TASK STATEMENT: Starting at the line below that contains "Used 2022 Chevrolet" and ending at the line that contains "2027 Nissan Kicks SR", retype each line exactly as it stands, but omit the pictures.

SOURCE MATERIAL:

——————————

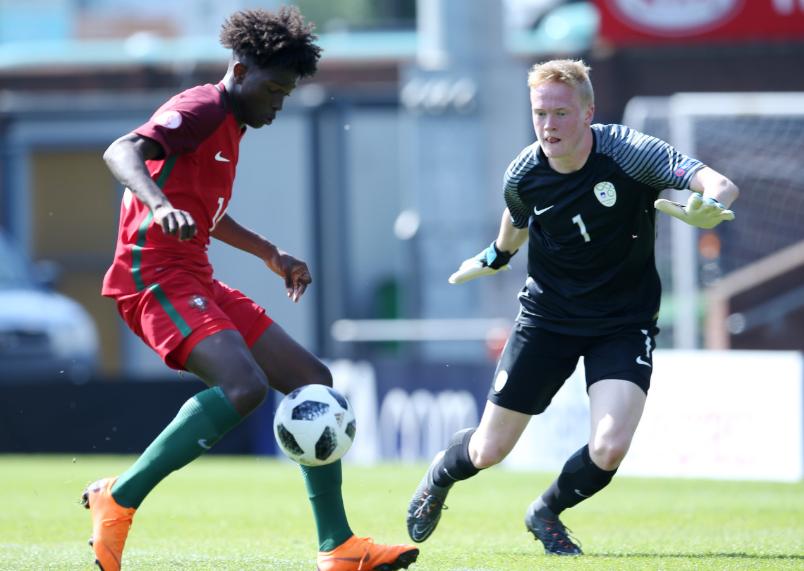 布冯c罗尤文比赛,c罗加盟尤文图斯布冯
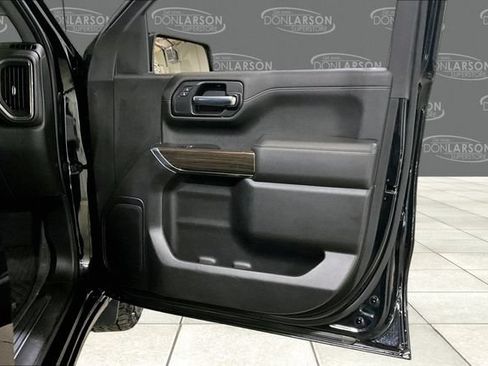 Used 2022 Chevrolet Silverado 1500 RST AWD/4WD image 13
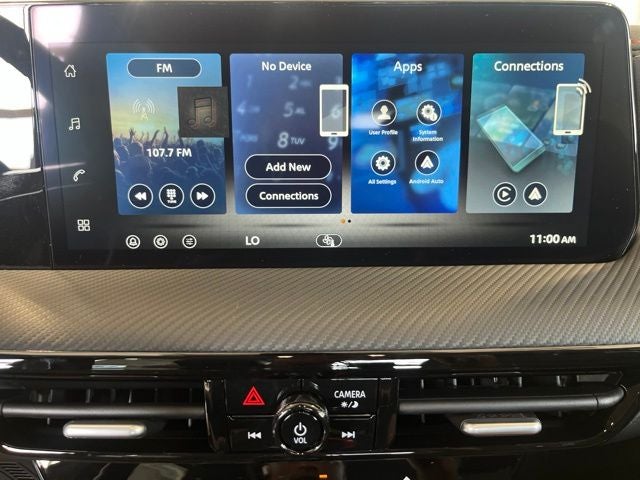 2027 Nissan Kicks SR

——————————

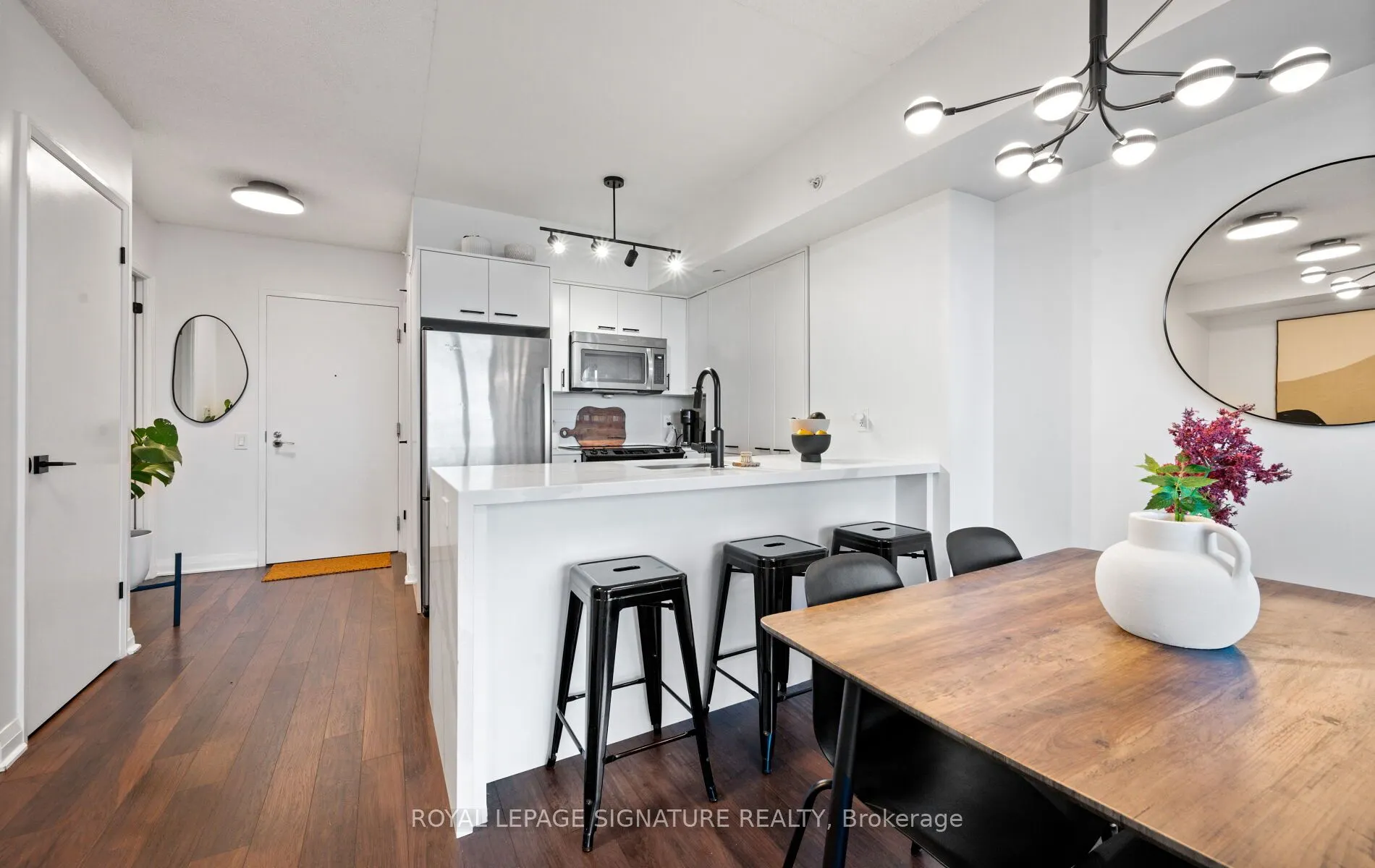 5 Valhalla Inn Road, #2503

——————————

RESPONSE BELOW:
 Used 2022 Chevrolet Silverado 1500 RST AWD/4WD image 13
 2027 Nissan Kicks SR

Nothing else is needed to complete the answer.